Sha Phaley
Fried meat-stuffed bread pockets — minced beef or pork mixed with cabbage, ginger, garlic, spring onion, and Sichuan pepper enclosed in a round of unleavened dough, folded into a half-moon, sealed firmly, and deep-fried in oil until the exterior is golden-brown and blistered. The Sikkimese and Tibetan sha phaley (also spelled shabalay) is the Himalayan answer to the samosa or empanada; the Sichuan pepper in the filling is the identifying flavour note, delivering a numbing, citrusy tingle on the palate along with the pork and cabbage filling. Sold at every market stall in Gangtok's MG Road; eaten as a snack with hot sauce or as a meal alongside thukpa.
Cuisines
Sikkimese
Arunachali
Best for
Breakfast
Lunch
Snacks
Recipe
Prep: 30 min
Cook: 20 min
Total: 50 min
2-3 servings
Ingredients
| 1 cup | all-purpose flour |
| 1/2 cup | water |
| 1/2 teaspoon | salt |
| 200 grams | ground beef |
| 1 medium | onion, finely chopped |
| 2 cloves | garlic, minced |
| 1 teaspoon | ginger, grated |
| 1 teaspoon | soy sauce |
| 1 teaspoon | cumin powder |
| 1 teaspoon | coriander powder |
| 1 | green chili, finely chopped |
| — | salt to taste |
| — | oil for frying |
Instructions
- 1 In a bowl, mix the flour and salt, then gradually add water to form a smooth dough. Knead well and let it rest for 20 minutes.
- 2 In another bowl, combine the ground beef, chopped onion, garlic, ginger, soy sauce, cumin powder, coriander powder, green chili, and salt. Mix well to create the filling.
- 3 Divide the dough into small balls and roll each into a thin circle.
- 4 Place a spoonful of the beef mixture onto one half of each dough circle.

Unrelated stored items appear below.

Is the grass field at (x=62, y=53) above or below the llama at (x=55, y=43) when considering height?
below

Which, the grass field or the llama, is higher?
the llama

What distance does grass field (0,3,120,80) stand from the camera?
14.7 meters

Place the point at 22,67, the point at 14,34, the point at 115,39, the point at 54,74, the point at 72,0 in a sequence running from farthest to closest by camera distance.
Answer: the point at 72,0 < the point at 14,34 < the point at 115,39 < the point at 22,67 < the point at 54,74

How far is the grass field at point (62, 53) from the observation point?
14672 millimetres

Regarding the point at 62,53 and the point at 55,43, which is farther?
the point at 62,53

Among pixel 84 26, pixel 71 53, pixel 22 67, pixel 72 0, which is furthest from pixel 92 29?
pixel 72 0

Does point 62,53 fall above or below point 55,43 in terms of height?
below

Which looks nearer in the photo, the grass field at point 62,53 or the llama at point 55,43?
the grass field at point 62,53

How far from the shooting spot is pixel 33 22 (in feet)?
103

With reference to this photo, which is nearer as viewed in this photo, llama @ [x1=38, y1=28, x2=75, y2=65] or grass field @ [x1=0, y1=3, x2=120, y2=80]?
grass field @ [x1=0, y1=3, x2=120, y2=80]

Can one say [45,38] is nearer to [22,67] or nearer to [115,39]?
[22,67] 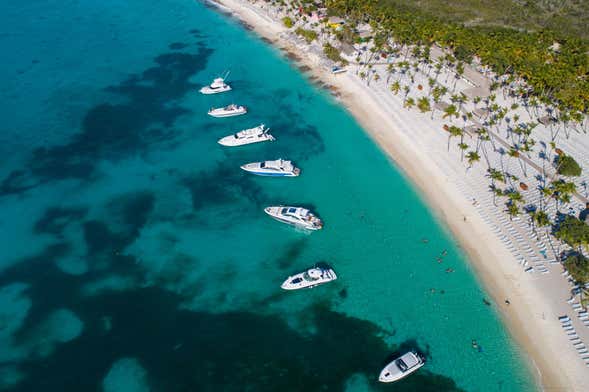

- 5 Fold the dough over to cover the filling and seal the edges by pressing them together.
- 6 Heat oil in a deep frying pan over medium heat.
- 7 Fry the sha phaley until golden brown and crispy on both sides, about 5-7 minutes per side.
- 8 Remove from oil and drain on paper towels.
- 9 Serve hot.
Tips
Ensure the edges are well-sealed to prevent the filling from leaking during frying.